Spent some time again with my nemesis, the i830 laptop. With our new native modesetting, we have to know how to program every output chip on every system, and before the 915G there were a lot of chips. For the desktop ADD cards, this hasn't been hard -- look at the name on the chip, go look up the open documentation, implement, done. For laptops, it's a little uglier -- I can't see the chip without tearing the machine apart. And given that this machine is already rather flimsy, I wasn't too excited about tearing it apart and hoping it's fine after getting it back together.
I thought these laptops had Chrontel 7017 parts, generally. So a while ago, I tried writing a driver for that chip. I started it up, and I got no probe from the hardware. Hmm.

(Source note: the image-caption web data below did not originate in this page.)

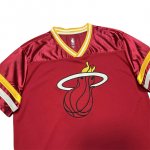 Maillot de Basket Miami Heat Brodé Big logo manche courte Rouge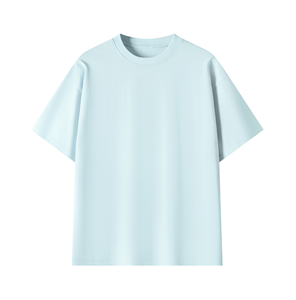 เสื้อยืดโอเวอร์ไซส์ 320 กรัม สีพื้น ผ้าคอตตอนหนา ทรงหลวม ไหล่ตก แขนสั้น สำหรับผู้ชาย แฟชั่นแบรนด์ - Product Image 1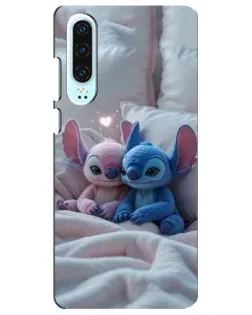 Чехол для Huawei P30 с картинкой «Плюшевые Стич Ангел»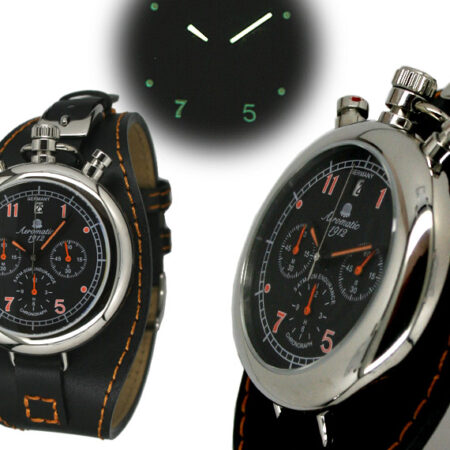 Aeromatic A1341 Retro Aviator Chronograph Watch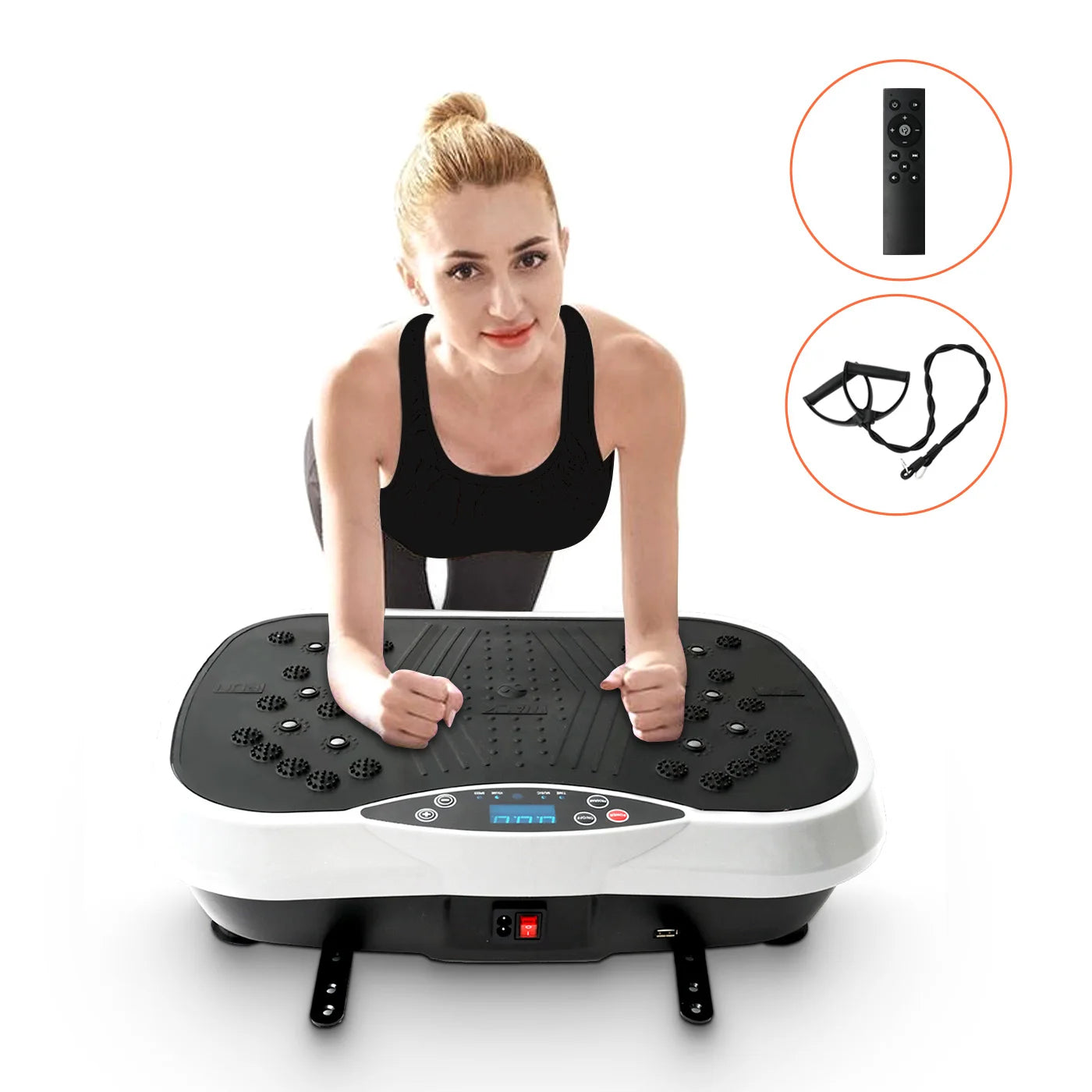 Vibration Plate Exercise Machine Fat-Burning Home Fitness, Weight Loss, Shaping Whole Body Workout Portable Fitness Equipment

Well, I've got some BIOS source code, and each of the add-in drivers has a few strings in it. So I dumped the bios with some handy code I had, and ran strings over it. I found an instance of "ivch" and none of the other strings from drivers I had code for. So it seemed like a good guess. I found published docs, whipped up a driver, and got no probe again.

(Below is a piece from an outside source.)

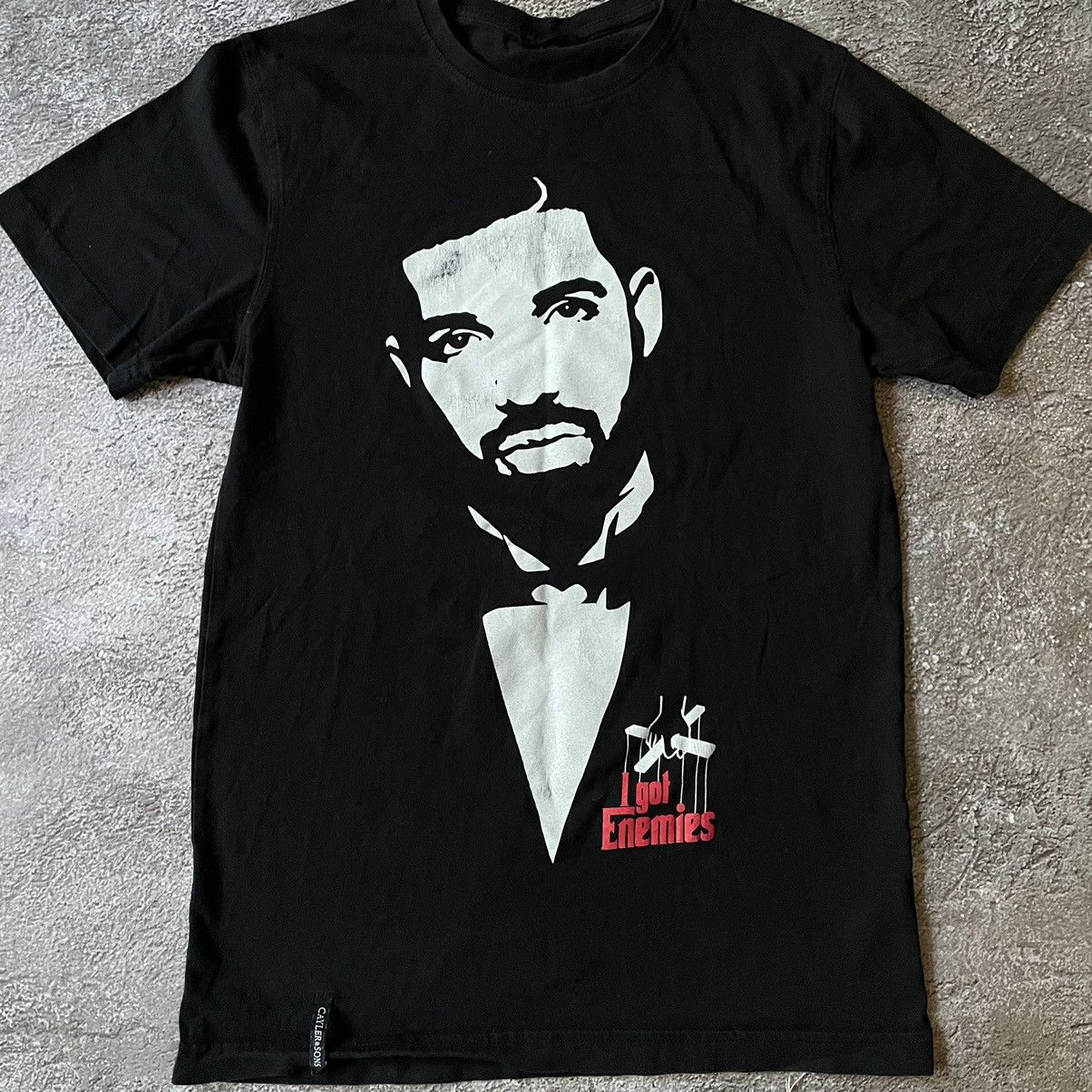 Vintage Vintage Y2K Drake Graphic Tee Streetwear Swag Black Washed M Size US M / EU 48-50 / 2 - 7 Thumbnail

So we tried tracing what the BIOS did using mjg59/airlied's neat little tool. Unfortunately, the old driver doesn't use the same mechanism to talk to the graphics chip, so the log of the trace was rather short and uninteresting.
Then I decided to just see if I could get anything from I2C. I wrote code to try to read 1 or 2 bytes from every register of every possible slave device from every GPIO pin pair. And I got... nothing.
So today Keith and I sat down again and tried disassembling the machine's actual BIOS to try to confirm what it was doing. We confirmed that it had the ivch driver, in use, and that it was on the GPIO pair and slave address we initially expected. So we tried to run the BIOS code again just to confirm it still worked, and it can't set a video mode at all any more. And then we tried starting X with the BIOS-based modesetting driver, and that failed too now -- the backlight turns on, but nothing is displayed.
So, I think we killed our i830. Getting this one was hard -- scrounging through FreeGeek's laptop room, and finding one of them in the many 10s of laptops we looked through. I'm not sure where I'm going to get another.